Measurement ofp−pinclusive cross sections at very high energy

Abstract

We measured the differential inelastic cross section $\frac{E{d}^3\sigma }{d{P}^3}$ for particles produced in very-high-energy proton-proton collisions at the CERN Intersecting Storage Rings. We studied the inclusive reaction $p+p\to x$ + anything, where $x$ was a ${\pi }^{+}$, $K^{+}$, or proton. The momenta of the two colliding beams varied from $15.3$ to $26.5 \frac{\mathrm{GeV}}{c}$. This was equivalent to a single beam of $500$ to $1500 \frac{\mathrm{GeV}}{c}$ hitting a target. We measured the dependence of $\frac{E{d}^3\sigma }{d{P}^3}$ on the transverse and longitudinal momenta of the outgoing particles, $P_{\perp }$ and $P_{\parallel }$. We detected these particles with a spectrometer containing magnets and scintillation and Cerenkov counters. The first two magnets steered particles with the correct $P_{\perp }$ and $P_{\parallel }$ down the axis of the spectrometer. The third magnet deflected the particles vertically for momentum analysis.

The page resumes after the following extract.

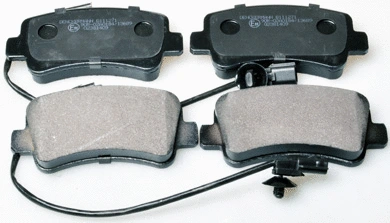 Brake Pad Set, disc brake (B111271)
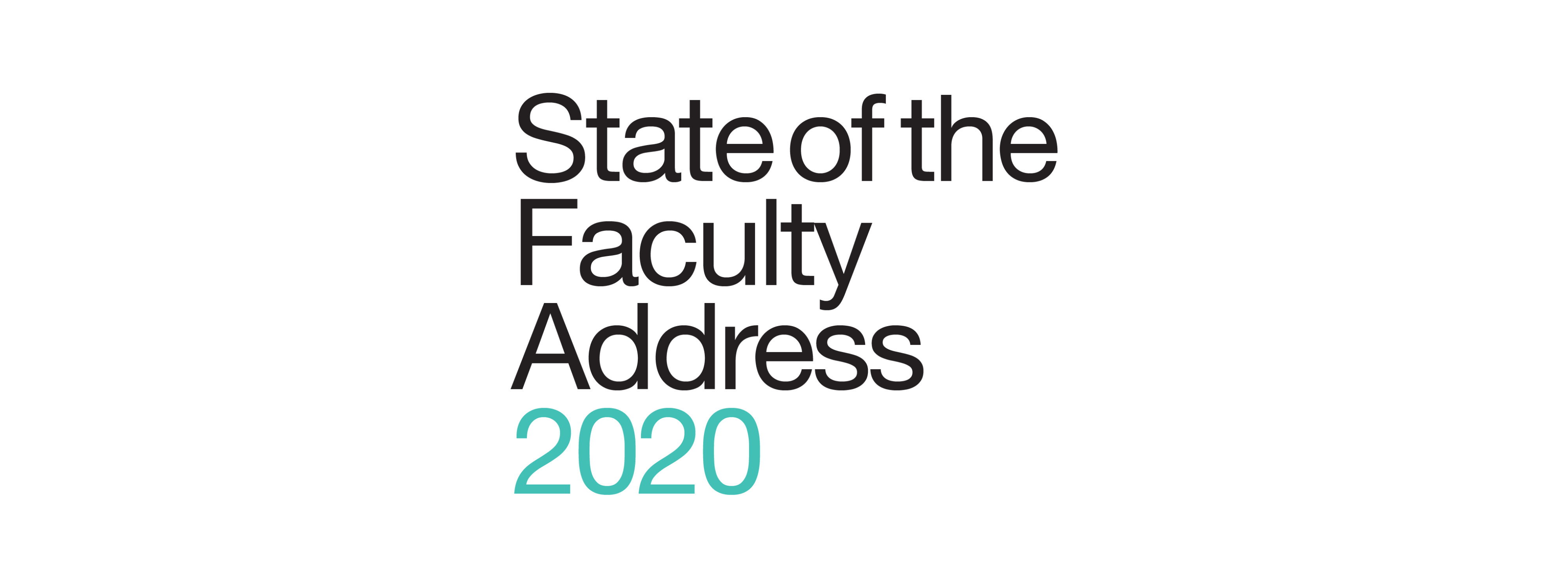 State of the Faculty Address 2020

A coincidence of the five scintillation counters indicated an event and the Čerenkov counters tagged it as a pion, kaon, or proton. The luminosity was measured by the Van der Meer method. We found that when $\frac{E{d}^3\sigma }{d{P}^3}$ was plotted against $X=\frac{P_{\parallel }}{P_{max}}$, it was energy-independent from 12 to 1500 GeV, especially for ${\pi }^{+}$ data. This supports a type of scaling suggested by Feynman and Yang et al. At small $X$, the pion cross section has a flat maximum, while the proton cross section decreases slightly. When plotted against ${P_{\perp }}^2$, the pion and proton cross sections both behave as at lower energies: $\sim \exp (-4.0\mathrm{}{P_{\perp }}^2)$. The pion cross section has a distinct forward peak $\exp (-10\mathrm{}{P_{\perp }}^2)$ which is absent in the proton case. The $\frac{K^{+}}{{\pi }^{+}}$ ratio is about 10%, with rather poor statistics.